- Extracted data:
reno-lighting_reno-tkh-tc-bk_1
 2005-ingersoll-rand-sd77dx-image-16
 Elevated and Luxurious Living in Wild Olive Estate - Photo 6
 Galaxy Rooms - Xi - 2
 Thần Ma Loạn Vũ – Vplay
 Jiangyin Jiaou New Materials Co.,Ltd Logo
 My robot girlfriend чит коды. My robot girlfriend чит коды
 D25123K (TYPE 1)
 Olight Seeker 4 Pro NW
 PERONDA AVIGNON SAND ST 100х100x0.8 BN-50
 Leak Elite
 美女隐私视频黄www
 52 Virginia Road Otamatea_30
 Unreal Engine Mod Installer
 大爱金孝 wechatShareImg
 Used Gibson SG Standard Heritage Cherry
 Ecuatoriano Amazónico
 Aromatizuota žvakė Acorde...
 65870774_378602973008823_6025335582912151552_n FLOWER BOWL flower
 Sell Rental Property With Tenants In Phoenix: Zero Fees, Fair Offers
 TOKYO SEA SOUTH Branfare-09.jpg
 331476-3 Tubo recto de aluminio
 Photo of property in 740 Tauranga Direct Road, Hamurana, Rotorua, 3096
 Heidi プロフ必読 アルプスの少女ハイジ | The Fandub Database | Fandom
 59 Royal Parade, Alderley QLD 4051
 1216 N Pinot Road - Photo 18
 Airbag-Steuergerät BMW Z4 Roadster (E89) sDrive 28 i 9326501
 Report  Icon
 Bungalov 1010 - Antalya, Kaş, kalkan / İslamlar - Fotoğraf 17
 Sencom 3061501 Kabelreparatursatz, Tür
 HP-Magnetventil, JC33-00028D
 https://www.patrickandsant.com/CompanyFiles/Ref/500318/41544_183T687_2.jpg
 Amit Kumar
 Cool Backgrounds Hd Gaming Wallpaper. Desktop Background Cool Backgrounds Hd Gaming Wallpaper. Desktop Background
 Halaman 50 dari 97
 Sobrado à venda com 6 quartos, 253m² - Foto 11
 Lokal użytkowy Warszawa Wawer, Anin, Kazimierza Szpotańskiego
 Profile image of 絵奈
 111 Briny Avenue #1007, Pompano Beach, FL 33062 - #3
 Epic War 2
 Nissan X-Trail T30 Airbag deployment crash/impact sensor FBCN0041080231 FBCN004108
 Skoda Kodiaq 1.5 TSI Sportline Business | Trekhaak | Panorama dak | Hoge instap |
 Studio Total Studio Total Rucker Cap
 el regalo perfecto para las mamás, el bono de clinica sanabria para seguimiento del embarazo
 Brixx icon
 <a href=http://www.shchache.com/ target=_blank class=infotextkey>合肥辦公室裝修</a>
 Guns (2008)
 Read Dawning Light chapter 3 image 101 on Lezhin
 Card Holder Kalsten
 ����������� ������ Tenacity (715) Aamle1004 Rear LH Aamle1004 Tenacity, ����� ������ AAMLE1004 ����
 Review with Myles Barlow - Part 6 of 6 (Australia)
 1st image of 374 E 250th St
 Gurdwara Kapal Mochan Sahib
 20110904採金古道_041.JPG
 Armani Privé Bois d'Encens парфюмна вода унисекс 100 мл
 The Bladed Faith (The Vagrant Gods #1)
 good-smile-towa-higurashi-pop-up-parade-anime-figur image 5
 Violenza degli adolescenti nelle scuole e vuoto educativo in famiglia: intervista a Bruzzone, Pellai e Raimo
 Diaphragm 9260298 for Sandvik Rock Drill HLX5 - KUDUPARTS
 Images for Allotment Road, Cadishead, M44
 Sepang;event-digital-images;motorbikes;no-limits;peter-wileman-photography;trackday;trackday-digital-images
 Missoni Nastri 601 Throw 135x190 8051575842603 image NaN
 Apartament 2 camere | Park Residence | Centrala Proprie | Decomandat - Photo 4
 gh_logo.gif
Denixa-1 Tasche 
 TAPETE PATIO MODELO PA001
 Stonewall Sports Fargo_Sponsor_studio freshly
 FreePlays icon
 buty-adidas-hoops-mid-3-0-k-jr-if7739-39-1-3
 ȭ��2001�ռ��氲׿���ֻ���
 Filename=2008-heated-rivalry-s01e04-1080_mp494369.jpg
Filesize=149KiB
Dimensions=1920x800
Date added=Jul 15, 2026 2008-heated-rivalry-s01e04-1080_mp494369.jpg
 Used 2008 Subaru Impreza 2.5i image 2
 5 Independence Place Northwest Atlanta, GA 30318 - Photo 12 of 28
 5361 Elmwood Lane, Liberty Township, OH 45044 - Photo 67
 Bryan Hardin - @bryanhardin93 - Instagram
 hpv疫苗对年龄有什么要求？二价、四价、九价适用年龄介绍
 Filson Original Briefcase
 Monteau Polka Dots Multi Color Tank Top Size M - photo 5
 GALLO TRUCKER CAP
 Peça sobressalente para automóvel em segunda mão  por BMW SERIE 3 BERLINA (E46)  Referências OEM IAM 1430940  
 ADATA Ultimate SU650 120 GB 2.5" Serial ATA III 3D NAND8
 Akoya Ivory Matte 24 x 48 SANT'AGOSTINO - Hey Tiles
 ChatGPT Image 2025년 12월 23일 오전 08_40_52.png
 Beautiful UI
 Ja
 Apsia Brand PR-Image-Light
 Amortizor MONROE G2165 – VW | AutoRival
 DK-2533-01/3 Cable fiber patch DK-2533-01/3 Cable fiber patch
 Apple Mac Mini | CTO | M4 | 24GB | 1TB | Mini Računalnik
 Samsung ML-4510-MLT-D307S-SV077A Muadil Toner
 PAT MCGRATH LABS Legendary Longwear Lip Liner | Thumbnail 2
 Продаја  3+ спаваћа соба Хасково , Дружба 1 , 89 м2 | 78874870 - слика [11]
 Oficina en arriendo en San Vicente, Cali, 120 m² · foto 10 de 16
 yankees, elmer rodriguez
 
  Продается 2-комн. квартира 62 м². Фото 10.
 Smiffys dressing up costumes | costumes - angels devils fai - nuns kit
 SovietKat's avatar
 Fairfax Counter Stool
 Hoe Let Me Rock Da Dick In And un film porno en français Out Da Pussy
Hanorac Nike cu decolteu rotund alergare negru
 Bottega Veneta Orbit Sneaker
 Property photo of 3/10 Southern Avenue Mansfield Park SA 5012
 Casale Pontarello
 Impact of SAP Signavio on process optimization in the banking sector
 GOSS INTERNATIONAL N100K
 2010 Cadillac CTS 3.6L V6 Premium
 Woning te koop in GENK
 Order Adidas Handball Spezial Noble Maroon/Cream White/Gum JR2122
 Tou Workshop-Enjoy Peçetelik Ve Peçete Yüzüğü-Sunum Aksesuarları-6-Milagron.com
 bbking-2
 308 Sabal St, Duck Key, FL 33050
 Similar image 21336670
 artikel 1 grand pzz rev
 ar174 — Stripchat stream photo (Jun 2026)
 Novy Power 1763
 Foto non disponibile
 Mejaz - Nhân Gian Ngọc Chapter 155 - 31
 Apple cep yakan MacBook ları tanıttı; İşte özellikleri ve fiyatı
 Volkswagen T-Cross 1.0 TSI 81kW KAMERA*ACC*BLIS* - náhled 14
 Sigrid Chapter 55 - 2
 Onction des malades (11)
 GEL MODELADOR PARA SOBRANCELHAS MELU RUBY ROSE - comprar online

- Problem statement: Each record above should be restated word for word.

- Your solution:
reno-lighting_reno-tkh-tc-bk_1
 2005-ingersoll-rand-sd77dx-image-16
 Elevated and Luxurious Living in Wild Olive Estate - Photo 6
 Galaxy Rooms - Xi - 2
 Thần Ma Loạn Vũ – Vplay
 Jiangyin Jiaou New Materials Co.,Ltd Logo
 My robot girlfriend чит коды. My robot girlfriend чит коды
 D25123K (TYPE 1)
 Olight Seeker 4 Pro NW
 PERONDA AVIGNON SAND ST 100х100x0.8 BN-50
 Leak Elite
 美女隐私视频黄www
 52 Virginia Road Otamatea_30
 Unreal Engine Mod Installer
 大爱金孝 wechatShareImg
 Used Gibson SG Standard Heritage Cherry
 Ecuatoriano Amazónico
 Aromatizuota žvakė Acorde...
 65870774_378602973008823_6025335582912151552_n FLOWER BOWL flower
 Sell Rental Property With Tenants In Phoenix: Zero Fees, Fair Offers
 TOKYO SEA SOUTH Branfare-09.jpg
 331476-3 Tubo recto de aluminio
 Photo of property in 740 Tauranga Direct Road, Hamurana, Rotorua, 3096
 Heidi プロフ必読 アルプスの少女ハイジ | The Fandub Database | Fandom
 59 Royal Parade, Alderley QLD 4051
 1216 N Pinot Road - Photo 18
 Airbag-Steuergerät BMW Z4 Roadster (E89) sDrive 28 i 9326501
 Report  Icon
 Bungalov 1010 - Antalya, Kaş, kalkan / İslamlar - Fotoğraf 17
 Sencom 3061501 Kabelreparatursatz, Tür
 HP-Magnetventil, JC33-00028D
 https://www.patrickandsant.com/CompanyFiles/Ref/500318/41544_183T687_2.jpg
 Amit Kumar
 Cool Backgrounds Hd Gaming Wallpaper. Desktop Background Cool Backgrounds Hd Gaming Wallpaper. Desktop Background
 Halaman 50 dari 97
 Sobrado à venda com 6 quartos, 253m² - Foto 11
 Lokal użytkowy Warszawa Wawer, Anin, Kazimierza Szpotańskiego
 Profile image of 絵奈
 111 Briny Avenue #1007, Pompano Beach, FL 33062 - #3
 Epic War 2
 Nissan X-Trail T30 Airbag deployment crash/impact sensor FBCN0041080231 FBCN004108
 Skoda Kodiaq 1.5 TSI Sportline Business | Trekhaak | Panorama dak | Hoge instap |
 Studio Total Studio Total Rucker Cap
 el regalo perfecto para las mamás, el bono de clinica sanabria para seguimiento del embarazo
 Brixx icon
 <a href=http://www.shchache.com/ target=_blank class=infotextkey>合肥辦公室裝修</a>
 Guns (2008)
 Read Dawning Light chapter 3 image 101 on Lezhin
 Card Holder Kalsten
 ����������� ������ Tenacity (715) Aamle1004 Rear LH Aamle1004 Tenacity, ����� ������ AAMLE1004 ����
 Review with Myles Barlow - Part 6 of 6 (Australia)
 1st image of 374 E 250th St
 Gurdwara Kapal Mochan Sahib
 20110904採金古道_041.JPG
 Armani Privé Bois d'Encens парфюмна вода унисекс 100 мл
 The Bladed Faith (The Vagrant Gods #1)
 good-smile-towa-higurashi-pop-up-parade-anime-figur image 5
 Violenza degli adolescenti nelle scuole e vuoto educativo in famiglia: intervista a Bruzzone, Pellai e Raimo
 Diaphragm 9260298 for Sandvik Rock Drill HLX5 - KUDUPARTS
 Images for Allotment Road, Cadishead, M44
 Sepang;event-digital-images;motorbikes;no-limits;peter-wileman-photography;trackday;trackday-digital-images
 Missoni Nastri 601 Throw 135x190 8051575842603 image NaN
 Apartament 2 camere | Park Residence | Centrala Proprie | Decomandat - Photo 4
 gh_logo.gif
Denixa-1 Tasche 
 TAPETE PATIO MODELO PA001
 Stonewall Sports Fargo_Sponsor_studio freshly
 FreePlays icon
 buty-adidas-hoops-mid-3-0-k-jr-if7739-39-1-3
 ȭ��2001�ռ��氲׿���ֻ���
 Filename=2008-heated-rivalry-s01e04-1080_mp494369.jpg
Filesize=149KiB
Dimensions=1920x800
Date added=Jul 15, 2026 2008-heated-rivalry-s01e04-1080_mp494369.jpg
 Used 2008 Subaru Impreza 2.5i image 2
 5 Independence Place Northwest Atlanta, GA 30318 - Photo 12 of 28
 5361 Elmwood Lane, Liberty Township, OH 45044 - Photo 67
 Bryan Hardin - @bryanhardin93 - Instagram
 hpv疫苗对年龄有什么要求？二价、四价、九价适用年龄介绍
 Filson Original Briefcase
 Monteau Polka Dots Multi Color Tank Top Size M - photo 5
 GALLO TRUCKER CAP
 Peça sobressalente para automóvel em segunda mão  por BMW SERIE 3 BERLINA (E46)  Referências OEM IAM 1430940  
 ADATA Ultimate SU650 120 GB 2.5" Serial ATA III 3D NAND8
 Akoya Ivory Matte 24 x 48 SANT'AGOSTINO - Hey Tiles
 ChatGPT Image 2025년 12월 23일 오전 08_40_52.png
 Beautiful UI
 Ja
 Apsia Brand PR-Image-Light
 Amortizor MONROE G2165 – VW | AutoRival
 DK-2533-01/3 Cable fiber patch DK-2533-01/3 Cable fiber patch
 Apple Mac Mini | CTO | M4 | 24GB | 1TB | Mini Računalnik
 Samsung ML-4510-MLT-D307S-SV077A Muadil Toner
 PAT MCGRATH LABS Legendary Longwear Lip Liner | Thumbnail 2
 Продаја  3+ спаваћа соба Хасково , Дружба 1 , 89 м2 | 78874870 - слика [11]
 Oficina en arriendo en San Vicente, Cali, 120 m² · foto 10 de 16
 yankees, elmer rodriguez
 
  Продается 2-комн. квартира 62 м². Фото 10.
 Smiffys dressing up costumes | costumes - angels devils fai - nuns kit
 SovietKat's avatar
 Fairfax Counter Stool
 Hoe Let Me Rock Da Dick In And un film porno en français Out Da Pussy
Hanorac Nike cu decolteu rotund alergare negru
 Bottega Veneta Orbit Sneaker
 Property photo of 3/10 Southern Avenue Mansfield Park SA 5012
 Casale Pontarello
 Impact of SAP Signavio on process optimization in the banking sector
 GOSS INTERNATIONAL N100K
 2010 Cadillac CTS 3.6L V6 Premium
 Woning te koop in GENK
 Order Adidas Handball Spezial Noble Maroon/Cream White/Gum JR2122
 Tou Workshop-Enjoy Peçetelik Ve Peçete Yüzüğü-Sunum Aksesuarları-6-Milagron.com
 bbking-2
 308 Sabal St, Duck Key, FL 33050
 Similar image 21336670
 artikel 1 grand pzz rev
 ar174 — Stripchat stream photo (Jun 2026)
 Novy Power 1763
 Foto non disponibile
 Mejaz - Nhân Gian Ngọc Chapter 155 - 31
 Apple cep yakan MacBook ları tanıttı; İşte özellikleri ve fiyatı
 Volkswagen T-Cross 1.0 TSI 81kW KAMERA*ACC*BLIS* - náhled 14
 Sigrid Chapter 55 - 2
 Onction des malades (11)
 GEL MODELADOR PARA SOBRANCELHAS MELU RUBY ROSE - comprar online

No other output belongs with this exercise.